Me había enderezado en mi cama y me había tirado al suelo, tratando de gritar inútilmente. Agitada por espasmos horribles, me retorcía por el suelo, sintiendo unas lágrimas de rabia brotar de mis ojos. ¡No quería morir!
Fue mi propio organismo el que, con su instinto, me salvó. Desaté inconscientemente mi Sreda y me convertí. Como apenas podía controlarla, mi transformación fue mucho más allá de lo que nunca había ido, pero poco importaba: aquello que me atacaba tan malignamente en mi interior como un veneno explosivo detuvo su mortífero avance.
Sintiendo el calor energético de la Sreda recorrer libremente por todo mi cuerpo, solté un inmenso suspiro y me tumbé boca arriba, agotada. Sólo entonces percibí los gritos de desesperación de Syu. El mono parecía tan destrozado como yo.
“Syu…”, murmuré débilmente.
El mono gawalt bajó de la cama y yo le acaricié la cabeza antes de volver a dejar caer el brazo, exhausta.
Mi organismo seguía luchando contra la muerte, que no quería liberar a su presa.
No había lugar a duda: o bien había pillado una enfermedad de esas galopantes y letales, o bien… ¡había tantas posibilidades! Márevor Helith quizá me hubiese echado un maleficio sin que me hubiese enterado. También podría haber sido envenenada. No veía por qué Wigy o Satme querrían hacer eso, pero… ¿y Taroshi? ¡Qué alegría sentiría! ¿Verdad?, pensé llena de odio.
No tenía ninguna experiencia en venenos. Conocía muchas plantas venenosas, pero no conocía los síntomas que provocaban la muerte. De modo que no me era posible estar segura de nada.

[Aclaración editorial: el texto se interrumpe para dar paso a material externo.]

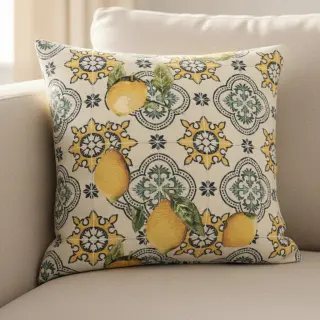 Dekoračná látka GOBELIN PREMIUM Citrus fruit tales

“Syu, ¿puedes correr el cerrojo?”, le pedí, al darme cuenta de que cualquiera podía entrar en el cuarto. No era plan de empeorar las cosas. Además, estaba segura de que si abandonaba mi forma de demonio, el veneno o lo que fuese volvería al ataque y acabaría de matarme.
El mono hizo lo que le pedía y volvió enseguida junto a mí. ¡Cómo le quería!, me di cuenta, enternecida. Posó su mano en la mía y esbocé una sonrisa.
Mi brazo estaba cubierto de rayas oscuras que se asemejaban a símbolos. Jamás habían llegado a adquirir tanta nitidez. Me había dejado llevar por la Sreda. ¡Si Kwayat lo supiese! Me habría dado un buen sermón. Me pregunté, con cierta indiferencia, si estaba cerca de convertirme en un kandak o no.
“Syu, avísame si me transformo, ¿quieres? Si vuelvo a mi forma de ternian, moriría”, le expliqué.
“Te avisaré”, me aseguró, con aire inquieto.
Más tranquila, me quedé dormida sobre la madera dura, rendida.